**Your assignment**
Go to the line holding "Kia Niro Hybrid" in the data below. Return it and each line after it through the last, exactly, and skip the pictures.

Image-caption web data

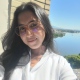 Ana Beatriz S. de Moura Siqueira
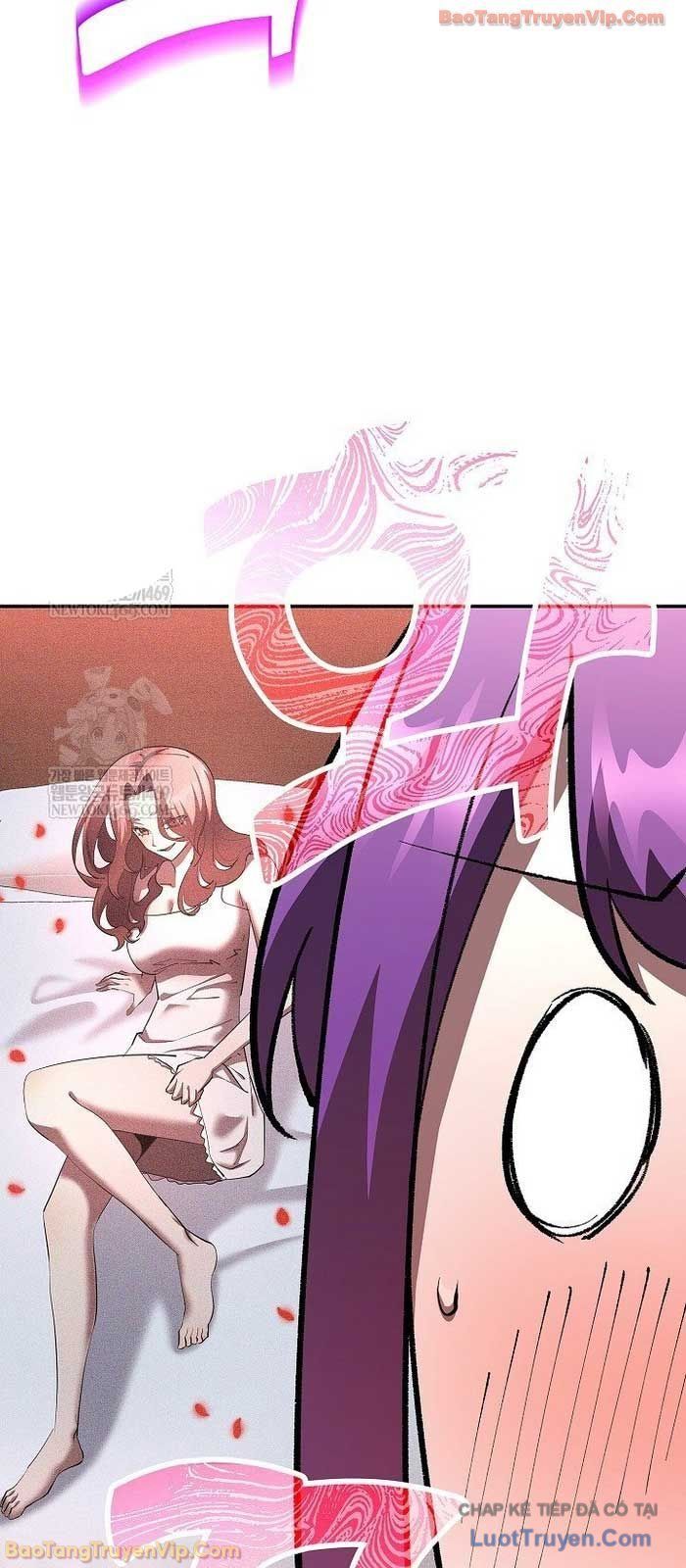 Kiếm Thần Đến Từ Thế Giới Diệt Vong Chap 42 - Next Chap 41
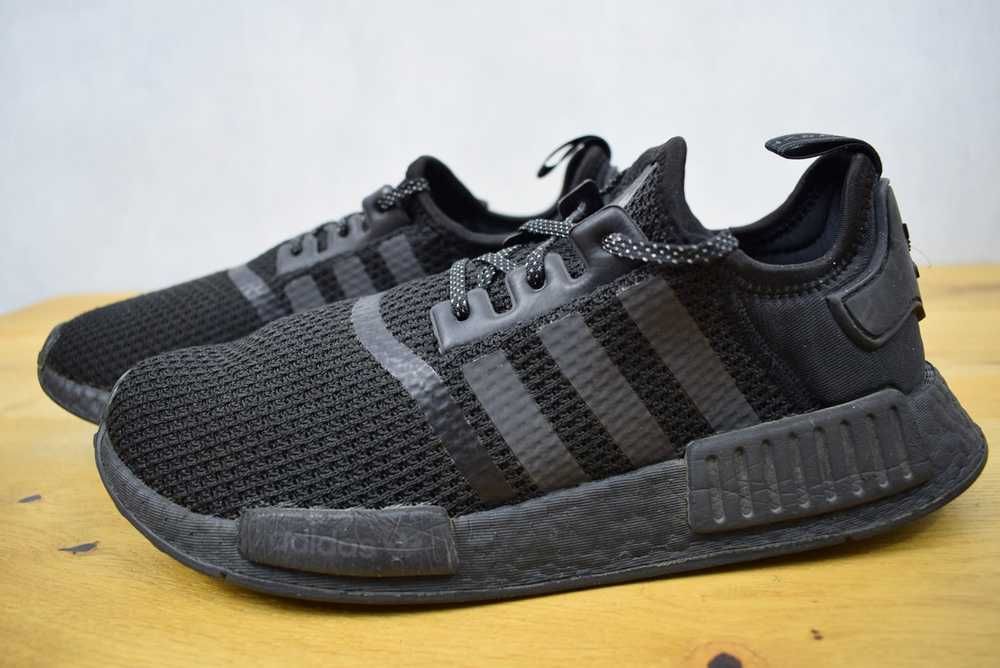 Adidas buty męskie sportowe NMD R1 rozmiar 41 1/3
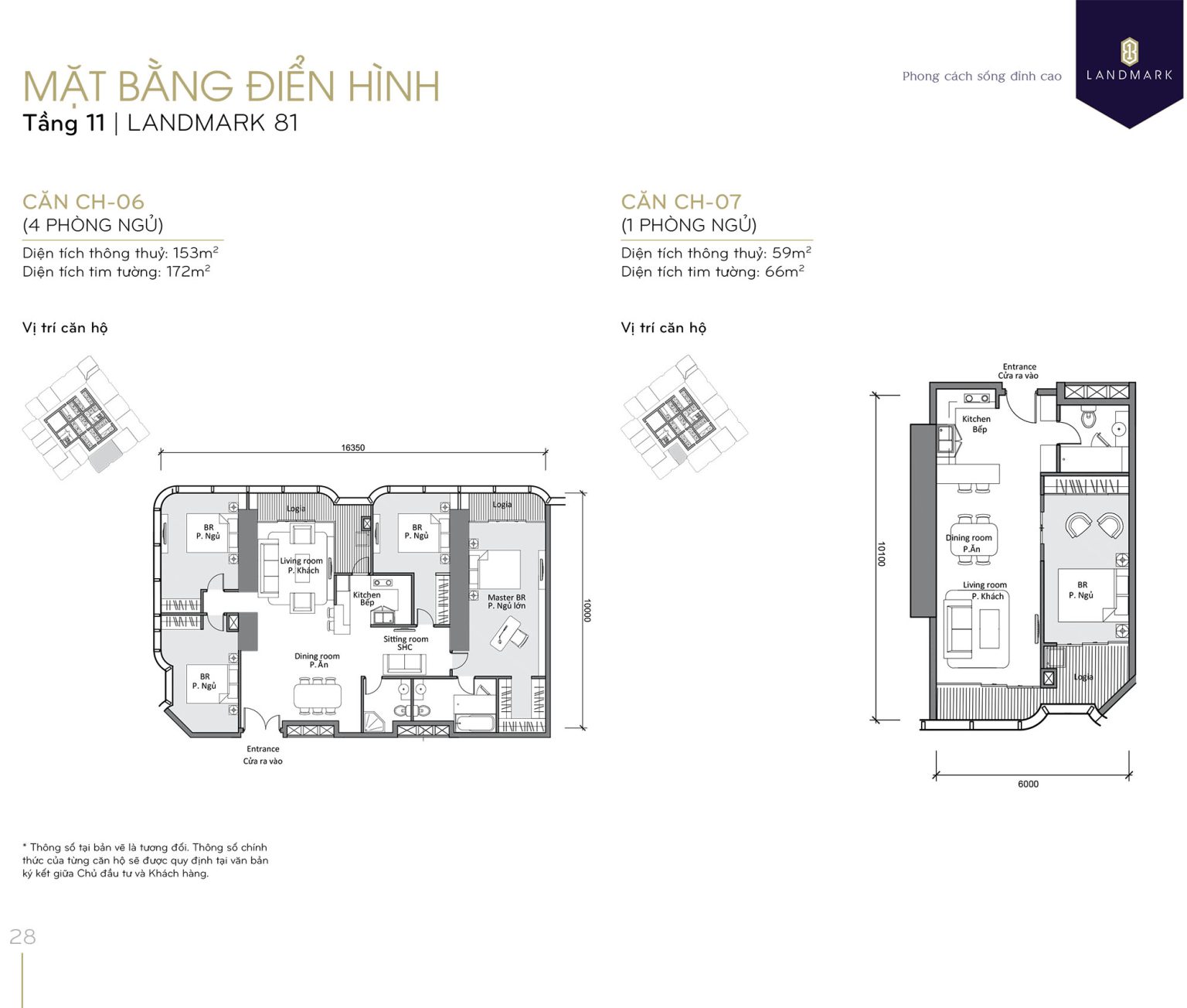 mat-bang-landmark-81-tang-11-can-so-l81-06-07-vinhomes-central-park-rebiz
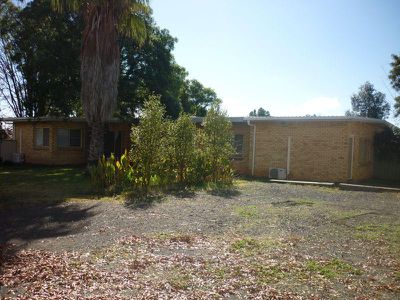 14 Trelanvean Street, Dubbo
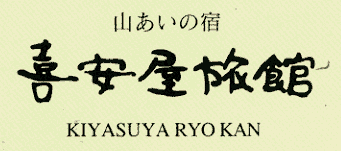 [logo]
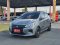 MITSUBISHI MIRAGE 1.2 ACTIVE DYNAMIC SHILED A/T 2022*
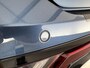 Kia Niro Hybrid 1.6 GDi PHEV Launch Edition | NIEUWE TYPE | TREKHAAK |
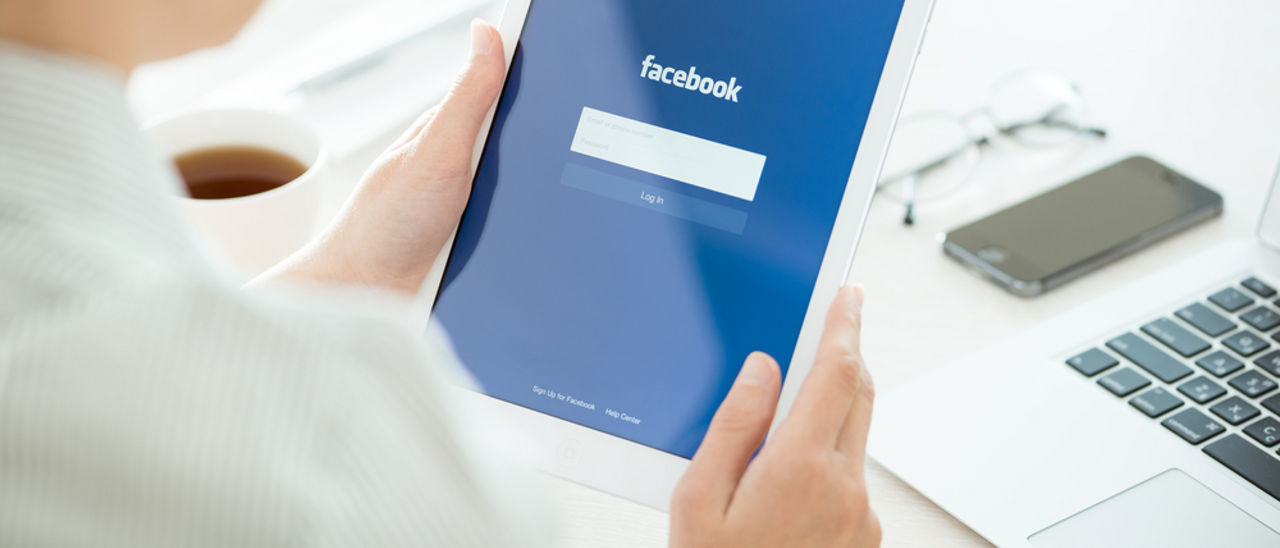 iPad Air 2, disponibilità iniziale forse limitata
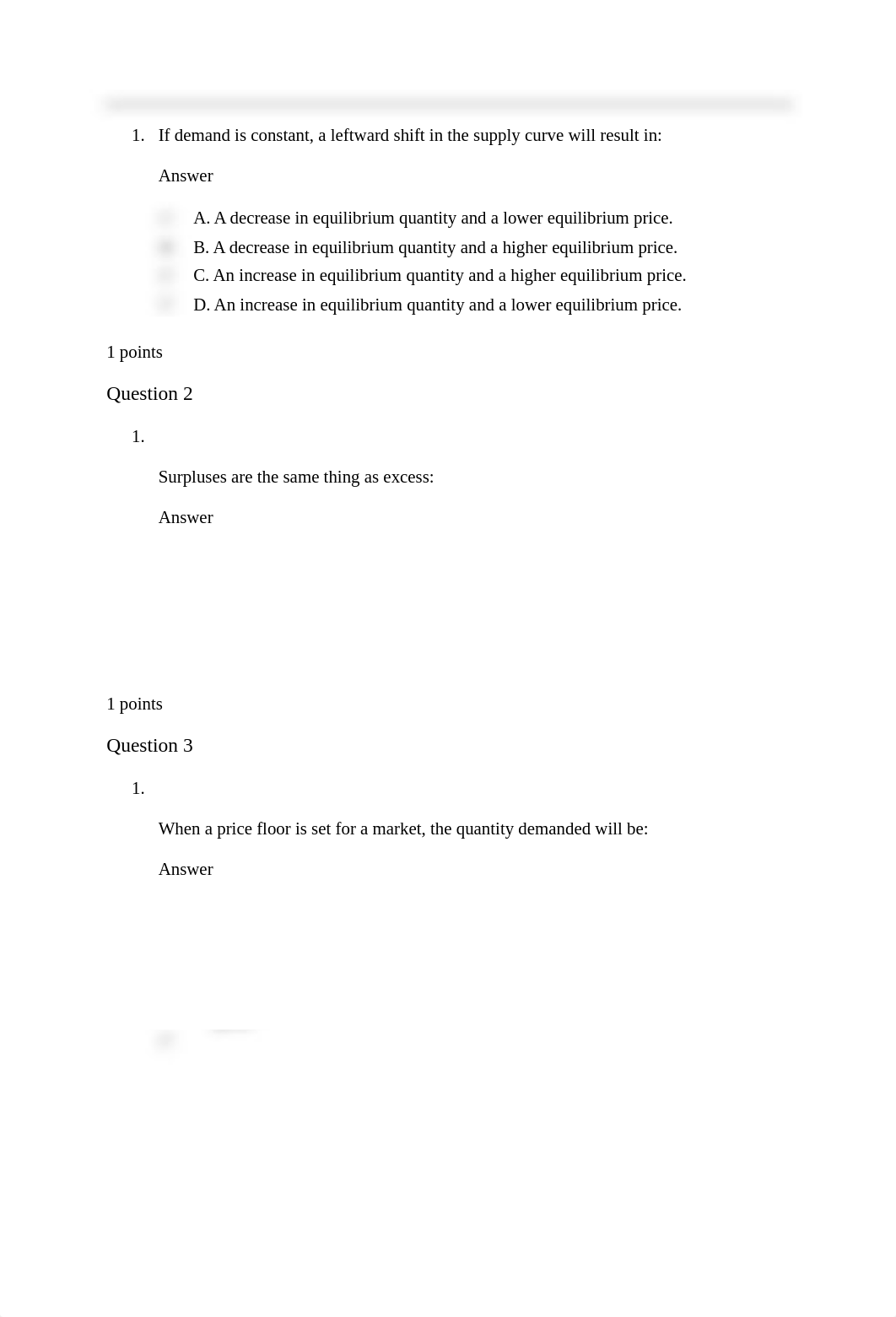 Quiz 2 (13)_dl2y5yq48mx_page1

**Solution to the exercise**
 Kia Niro Hybrid 1.6 GDi PHEV Launch Edition | NIEUWE TYPE | TREKHAAK |
 iPad Air 2, disponibilità iniziale forse limitata
 Quiz 2 (13)_dl2y5yq48mx_page1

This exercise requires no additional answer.